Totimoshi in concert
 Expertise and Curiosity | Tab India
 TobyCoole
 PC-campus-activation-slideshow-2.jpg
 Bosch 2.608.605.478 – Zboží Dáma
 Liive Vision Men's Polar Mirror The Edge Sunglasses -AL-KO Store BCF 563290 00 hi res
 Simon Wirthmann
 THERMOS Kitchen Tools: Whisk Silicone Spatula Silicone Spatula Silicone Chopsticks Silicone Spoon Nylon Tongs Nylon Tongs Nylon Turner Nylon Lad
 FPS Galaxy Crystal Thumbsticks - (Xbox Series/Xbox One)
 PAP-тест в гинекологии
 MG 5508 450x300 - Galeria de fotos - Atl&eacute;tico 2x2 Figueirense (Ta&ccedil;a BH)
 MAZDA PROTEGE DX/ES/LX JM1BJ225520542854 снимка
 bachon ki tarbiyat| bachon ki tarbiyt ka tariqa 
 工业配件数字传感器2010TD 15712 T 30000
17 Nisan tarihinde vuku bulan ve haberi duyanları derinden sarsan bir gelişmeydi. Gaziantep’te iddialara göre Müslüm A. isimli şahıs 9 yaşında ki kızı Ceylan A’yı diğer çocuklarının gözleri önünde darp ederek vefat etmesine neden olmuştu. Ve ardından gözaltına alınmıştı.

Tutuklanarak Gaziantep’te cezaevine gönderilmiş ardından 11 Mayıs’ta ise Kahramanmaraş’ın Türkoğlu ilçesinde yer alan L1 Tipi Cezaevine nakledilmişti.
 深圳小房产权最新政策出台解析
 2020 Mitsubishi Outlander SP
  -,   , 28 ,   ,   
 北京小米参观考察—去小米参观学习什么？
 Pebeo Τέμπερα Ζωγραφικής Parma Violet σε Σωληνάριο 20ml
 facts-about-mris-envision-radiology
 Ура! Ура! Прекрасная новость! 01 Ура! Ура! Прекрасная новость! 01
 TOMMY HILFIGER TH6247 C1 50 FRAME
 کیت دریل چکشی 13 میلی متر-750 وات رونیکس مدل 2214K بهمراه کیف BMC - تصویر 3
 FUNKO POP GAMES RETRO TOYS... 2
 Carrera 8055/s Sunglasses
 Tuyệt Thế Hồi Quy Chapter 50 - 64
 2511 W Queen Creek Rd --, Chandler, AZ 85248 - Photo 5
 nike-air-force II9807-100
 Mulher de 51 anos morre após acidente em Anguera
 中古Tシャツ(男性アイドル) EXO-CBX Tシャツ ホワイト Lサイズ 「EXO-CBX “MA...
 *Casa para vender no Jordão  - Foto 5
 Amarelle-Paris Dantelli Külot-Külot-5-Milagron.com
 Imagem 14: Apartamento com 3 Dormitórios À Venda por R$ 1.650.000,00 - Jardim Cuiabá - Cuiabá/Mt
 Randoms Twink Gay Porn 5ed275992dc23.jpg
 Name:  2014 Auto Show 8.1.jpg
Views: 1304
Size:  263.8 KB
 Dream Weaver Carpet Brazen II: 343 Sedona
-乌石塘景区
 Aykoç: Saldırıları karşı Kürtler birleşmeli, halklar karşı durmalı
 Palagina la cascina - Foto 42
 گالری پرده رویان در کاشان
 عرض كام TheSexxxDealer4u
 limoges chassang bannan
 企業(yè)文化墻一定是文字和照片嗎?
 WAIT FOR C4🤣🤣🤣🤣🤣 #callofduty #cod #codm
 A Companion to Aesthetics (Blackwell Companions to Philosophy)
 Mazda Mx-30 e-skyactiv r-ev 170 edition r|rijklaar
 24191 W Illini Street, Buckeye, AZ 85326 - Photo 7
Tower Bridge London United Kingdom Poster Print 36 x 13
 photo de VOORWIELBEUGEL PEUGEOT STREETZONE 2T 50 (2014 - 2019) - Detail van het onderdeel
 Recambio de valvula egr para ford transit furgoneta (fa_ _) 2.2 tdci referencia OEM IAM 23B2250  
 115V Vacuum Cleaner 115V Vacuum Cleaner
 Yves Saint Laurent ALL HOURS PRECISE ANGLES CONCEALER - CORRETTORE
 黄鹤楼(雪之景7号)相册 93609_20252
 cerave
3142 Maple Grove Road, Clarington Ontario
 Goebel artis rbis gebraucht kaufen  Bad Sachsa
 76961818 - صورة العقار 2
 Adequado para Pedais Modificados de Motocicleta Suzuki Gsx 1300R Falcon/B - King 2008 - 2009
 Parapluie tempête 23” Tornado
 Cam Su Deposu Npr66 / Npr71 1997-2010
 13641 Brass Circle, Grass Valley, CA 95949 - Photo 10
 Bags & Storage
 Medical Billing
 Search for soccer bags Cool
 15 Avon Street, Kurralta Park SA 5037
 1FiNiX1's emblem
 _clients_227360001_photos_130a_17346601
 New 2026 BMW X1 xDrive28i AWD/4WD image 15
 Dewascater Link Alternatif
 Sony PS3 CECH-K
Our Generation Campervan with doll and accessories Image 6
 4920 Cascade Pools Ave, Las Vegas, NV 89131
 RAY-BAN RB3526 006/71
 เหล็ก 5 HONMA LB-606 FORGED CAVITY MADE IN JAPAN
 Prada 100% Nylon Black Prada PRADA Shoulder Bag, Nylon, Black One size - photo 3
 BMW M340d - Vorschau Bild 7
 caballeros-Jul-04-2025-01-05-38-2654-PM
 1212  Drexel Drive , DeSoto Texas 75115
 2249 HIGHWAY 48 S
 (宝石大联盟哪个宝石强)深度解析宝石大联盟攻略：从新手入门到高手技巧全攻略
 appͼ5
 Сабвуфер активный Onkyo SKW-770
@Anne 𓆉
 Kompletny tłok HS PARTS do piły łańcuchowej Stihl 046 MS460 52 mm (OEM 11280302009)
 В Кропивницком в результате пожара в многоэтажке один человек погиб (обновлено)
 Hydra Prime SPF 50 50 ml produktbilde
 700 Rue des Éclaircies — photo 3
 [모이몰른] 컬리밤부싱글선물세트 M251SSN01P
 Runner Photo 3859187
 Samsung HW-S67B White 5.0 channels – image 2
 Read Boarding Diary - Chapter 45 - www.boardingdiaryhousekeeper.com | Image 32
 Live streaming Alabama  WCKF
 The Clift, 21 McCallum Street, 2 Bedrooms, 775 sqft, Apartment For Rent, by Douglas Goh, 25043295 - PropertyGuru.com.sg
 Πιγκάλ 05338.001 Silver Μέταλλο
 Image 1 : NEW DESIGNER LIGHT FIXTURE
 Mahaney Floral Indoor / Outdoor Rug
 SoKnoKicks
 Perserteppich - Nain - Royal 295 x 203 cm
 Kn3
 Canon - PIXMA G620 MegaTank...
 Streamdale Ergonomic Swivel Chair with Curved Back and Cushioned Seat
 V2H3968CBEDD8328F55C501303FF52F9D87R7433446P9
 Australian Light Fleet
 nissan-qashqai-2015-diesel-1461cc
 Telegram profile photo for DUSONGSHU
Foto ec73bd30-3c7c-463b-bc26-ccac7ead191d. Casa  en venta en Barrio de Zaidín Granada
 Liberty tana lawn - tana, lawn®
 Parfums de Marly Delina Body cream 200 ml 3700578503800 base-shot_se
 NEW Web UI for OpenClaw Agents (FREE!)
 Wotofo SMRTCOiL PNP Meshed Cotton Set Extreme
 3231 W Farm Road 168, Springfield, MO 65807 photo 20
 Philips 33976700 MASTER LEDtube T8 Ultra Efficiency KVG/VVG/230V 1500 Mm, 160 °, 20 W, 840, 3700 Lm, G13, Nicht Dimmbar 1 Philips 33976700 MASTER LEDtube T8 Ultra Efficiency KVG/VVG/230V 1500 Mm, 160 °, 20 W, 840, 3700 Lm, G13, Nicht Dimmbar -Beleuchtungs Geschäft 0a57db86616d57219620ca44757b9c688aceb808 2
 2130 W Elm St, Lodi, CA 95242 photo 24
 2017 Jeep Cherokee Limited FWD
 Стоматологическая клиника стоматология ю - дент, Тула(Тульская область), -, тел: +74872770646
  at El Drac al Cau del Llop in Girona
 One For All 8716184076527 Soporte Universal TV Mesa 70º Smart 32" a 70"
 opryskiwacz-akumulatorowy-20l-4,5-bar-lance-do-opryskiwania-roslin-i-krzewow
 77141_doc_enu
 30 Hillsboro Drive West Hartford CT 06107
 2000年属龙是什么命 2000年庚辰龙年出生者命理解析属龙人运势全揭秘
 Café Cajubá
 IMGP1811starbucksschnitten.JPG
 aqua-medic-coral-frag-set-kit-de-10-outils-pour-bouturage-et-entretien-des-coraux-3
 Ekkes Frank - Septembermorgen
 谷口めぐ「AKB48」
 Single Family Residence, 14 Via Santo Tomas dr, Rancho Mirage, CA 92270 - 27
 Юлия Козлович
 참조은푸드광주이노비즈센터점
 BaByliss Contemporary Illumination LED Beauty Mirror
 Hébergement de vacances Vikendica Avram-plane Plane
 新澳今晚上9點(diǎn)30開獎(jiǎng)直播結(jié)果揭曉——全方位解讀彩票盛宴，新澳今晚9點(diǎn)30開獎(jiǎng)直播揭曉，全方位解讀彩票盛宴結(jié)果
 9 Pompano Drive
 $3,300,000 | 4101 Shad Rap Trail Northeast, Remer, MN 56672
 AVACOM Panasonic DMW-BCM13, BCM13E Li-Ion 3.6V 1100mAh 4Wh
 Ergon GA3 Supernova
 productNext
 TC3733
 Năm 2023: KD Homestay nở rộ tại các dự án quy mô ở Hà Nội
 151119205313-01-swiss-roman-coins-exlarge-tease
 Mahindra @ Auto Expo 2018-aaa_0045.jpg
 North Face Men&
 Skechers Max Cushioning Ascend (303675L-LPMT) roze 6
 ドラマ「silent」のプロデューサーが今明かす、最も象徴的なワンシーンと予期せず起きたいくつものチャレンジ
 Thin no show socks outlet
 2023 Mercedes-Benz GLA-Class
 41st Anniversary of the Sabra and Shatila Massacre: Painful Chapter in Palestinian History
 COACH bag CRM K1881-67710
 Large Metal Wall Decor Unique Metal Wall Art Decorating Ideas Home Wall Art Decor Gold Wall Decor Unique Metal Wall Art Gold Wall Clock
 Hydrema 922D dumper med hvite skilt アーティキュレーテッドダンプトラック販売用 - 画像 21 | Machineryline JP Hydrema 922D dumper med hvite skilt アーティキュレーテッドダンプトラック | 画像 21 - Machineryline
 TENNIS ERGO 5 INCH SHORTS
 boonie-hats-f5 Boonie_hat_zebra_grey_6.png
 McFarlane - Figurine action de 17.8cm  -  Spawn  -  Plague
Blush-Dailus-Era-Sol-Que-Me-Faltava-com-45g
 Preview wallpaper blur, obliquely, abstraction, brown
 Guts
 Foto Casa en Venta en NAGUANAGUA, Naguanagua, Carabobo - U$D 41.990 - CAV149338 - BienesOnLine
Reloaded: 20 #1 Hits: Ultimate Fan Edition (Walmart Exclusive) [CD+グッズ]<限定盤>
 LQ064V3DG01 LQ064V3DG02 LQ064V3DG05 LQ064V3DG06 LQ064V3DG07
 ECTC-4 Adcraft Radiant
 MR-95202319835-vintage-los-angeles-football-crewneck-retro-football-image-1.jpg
..........
_INSTRUCTIONS FOR THE TASK_
From the data, collect all lines where the string "with" appears.

_REPLY_
Our Generation Campervan with doll and accessories Image 6
 Streamdale Ergonomic Swivel Chair with Curved Back and Cushioned Seat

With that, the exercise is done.